WAKE UP AMERICA! Obama Alienates Canada And Mexico At Three Amigos

Diplomacy: Most summits are mush-mouthed affairs full of pleasantries. Tuesday's "Three Amigos" summit was different: a litany of how President Obama has alienated our neighbors.
You wouldn't know this from reading the mainstream media, which reported the disastrous summit with anodyne headlines like: "Obama talks trade, energy with Canada, Mexico leaders at Summit" (Associated Press) and "Obama, Mexico's Calderon vow more drug crime cooperation" (Reuters).
Obama's neglect of our nearest neighbors and biggest trade partners has created deteriorating relations, a sign of a president who's out of touch with reality. Problems are emerging that aren't being reported.

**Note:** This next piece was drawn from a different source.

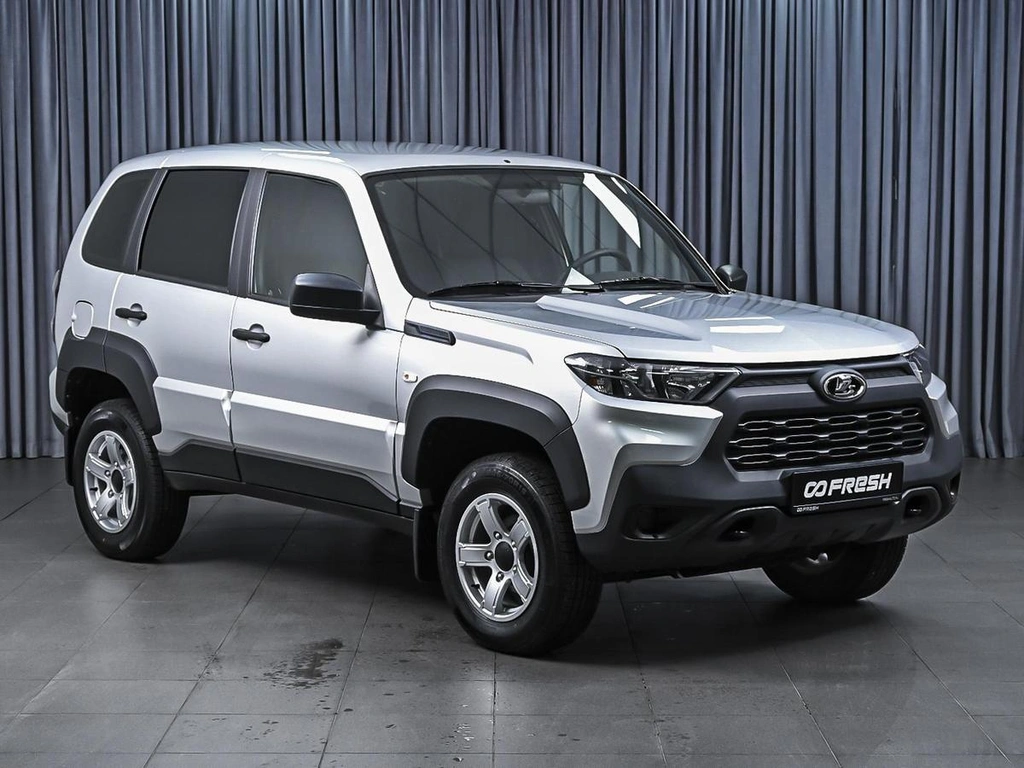 Внедорожник ВАЗ (LADA) Niva Travel 2025 года, 1238000 рублей, Ставрополь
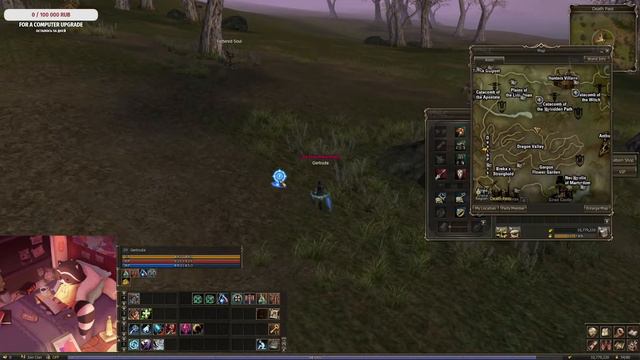Lineage 2 - Interlude REBorn (x1) - #8 Relax stream смотреть онлайн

Fortunately, the Canadian and Mexican press told the real story. Canada's National Post quoted former Canadian diplomat Colin Robertson as saying the North American Free Trade Agreement and the three-nation alliance it has fostered since 1994 have been so neglected they're "on life support."

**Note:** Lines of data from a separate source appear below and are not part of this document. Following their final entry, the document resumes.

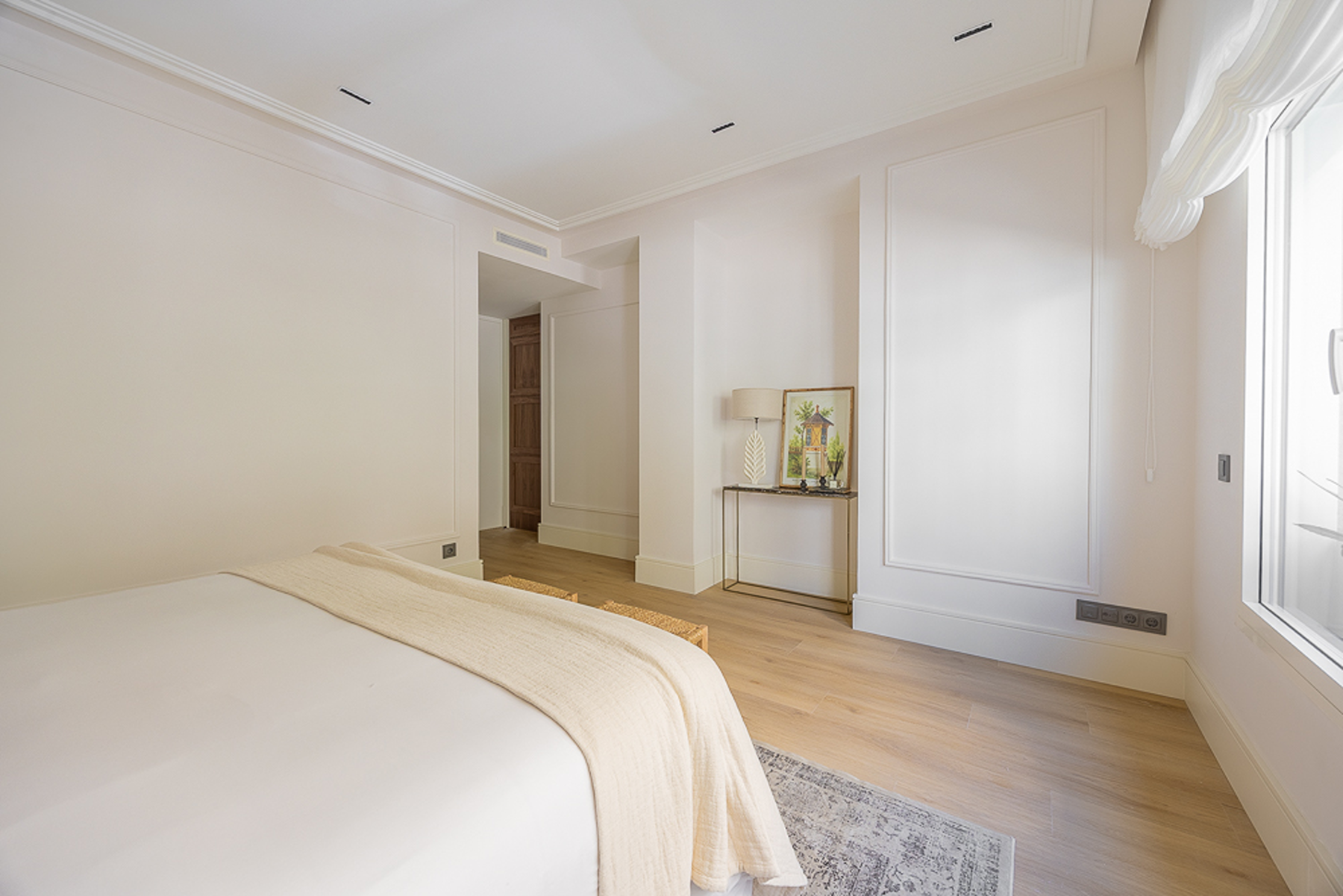  Fantastic 4-bedroom home with a private patio, in the Salamanca neighborhood. - 物件實景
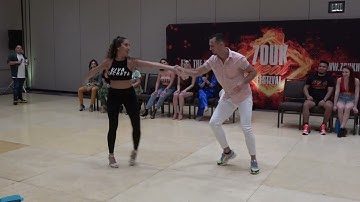 DC Zouk & Bachata - 6/26/2022 - Paulo & Annette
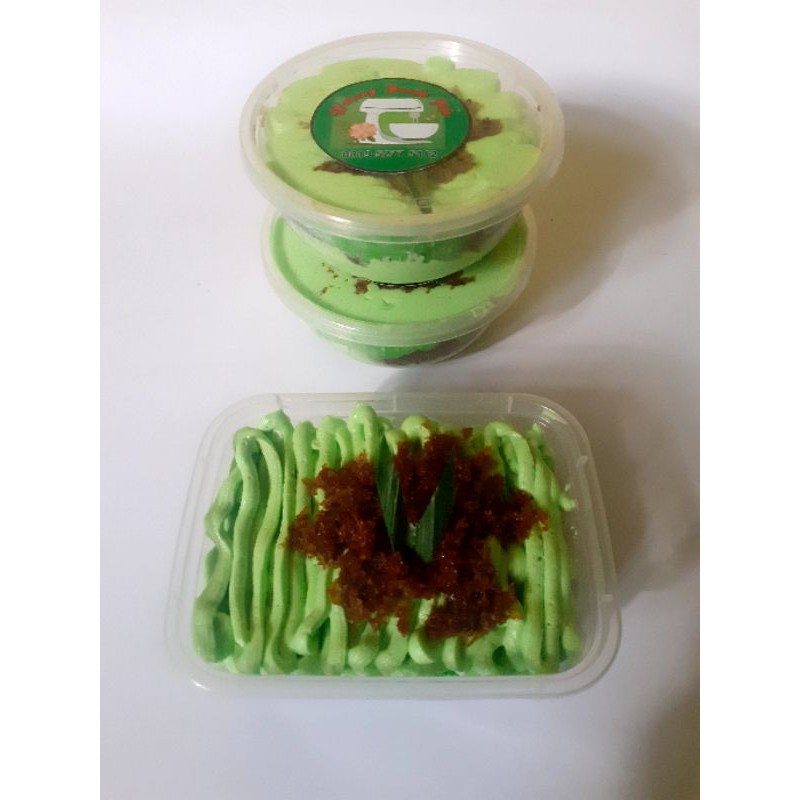 klepon cake dessert box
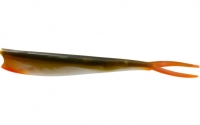 Виброхвосты WESTIN TwinTeez V-Tail 15cm 14g Bass Orange 5шт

Energy has become a searing rift between the U.S. and Canada and threatens to leave the U.S. without its top energy supplier.

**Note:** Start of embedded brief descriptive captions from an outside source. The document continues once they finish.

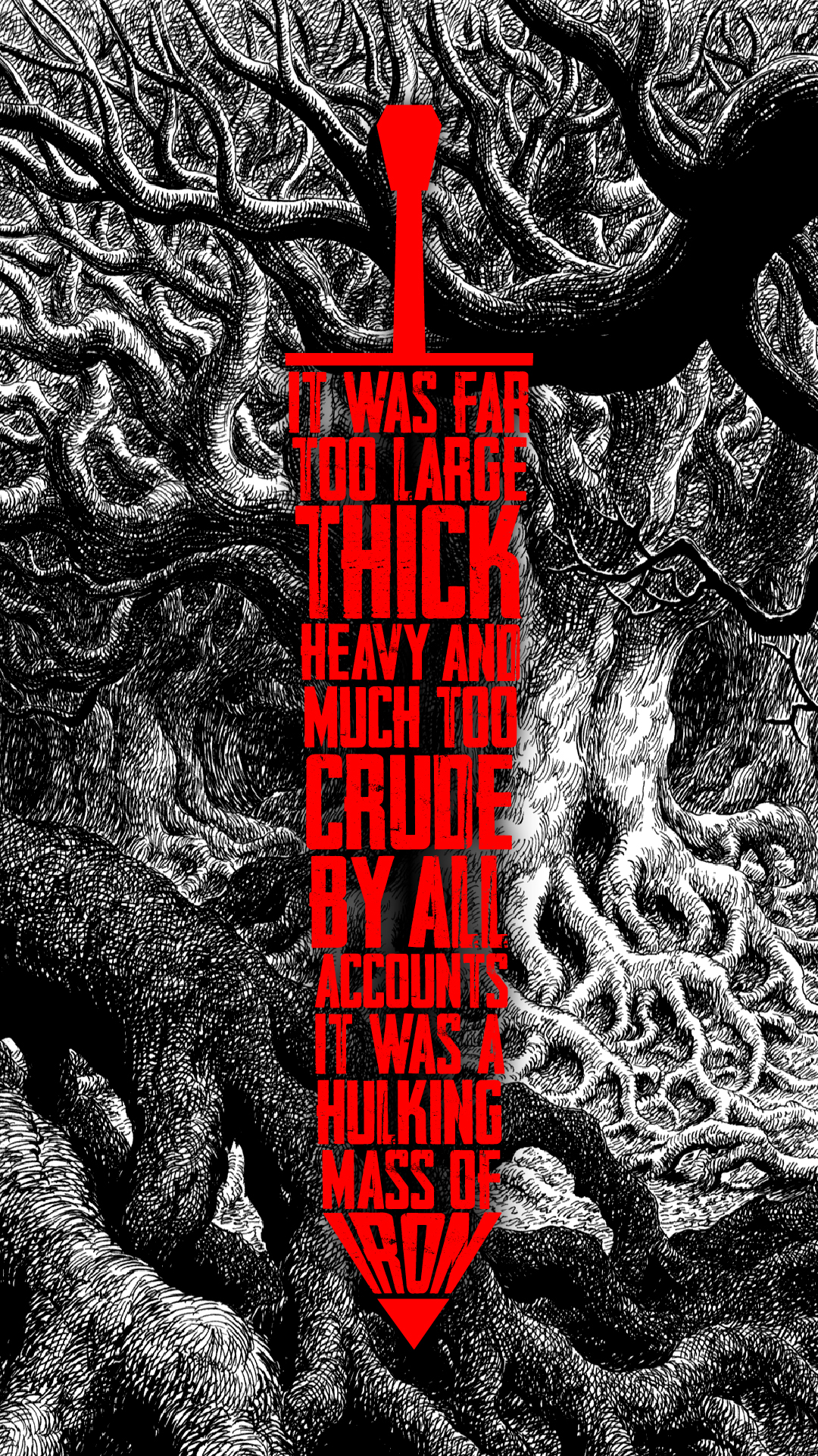 1080x1930 Berserk Manga, Phone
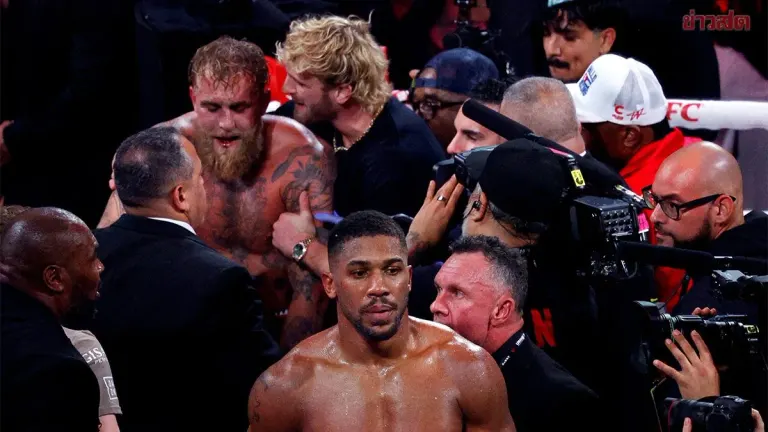 Jake Paul Uncertain About Returning to Professional Boxing After Injuries Sustained in Anthony Joshua Fight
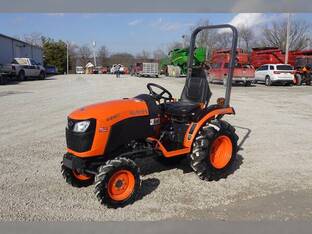 2025 Kubota B2401DT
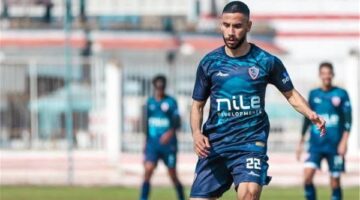 كواليس اعتذار ناصر ماهر لـ بيسيرو وموعد عودته للمران الجماعي للزمالك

The Winnipeg Free Press reported that Canadian Prime Minister Stephen Harper warned Obama the U.S. will have to pay market prices for its Canadian oil after Obama's de facto veto of the Keystone XL pipeline. Canada is preparing to sell its oil to China.
Until now, NAFTA had shielded the U.S. from having to pay global prices for Canadian oil. That's about to change.
Canada has also all but gone public about something trade watchers have known for a long time: that the U.S. has blocked Canada's entry to the eight-way free trade agreement known as the Trans-Pacific Partnership, an alliance of the U.S., Australia, New Zealand, Vietnam, Malaysia, Peru, Chile, and Singapore. Both Canada and Mexico want to join and would benefit immensely.
U.S. media dutifully reported Obama's false claim that Canada, our top trading partner, is too protectionist — for whom, we don't know. Malaysia maybe? — even as it's good enough for NAFTA, the trillion-dollar trade treaty that is the world's largest.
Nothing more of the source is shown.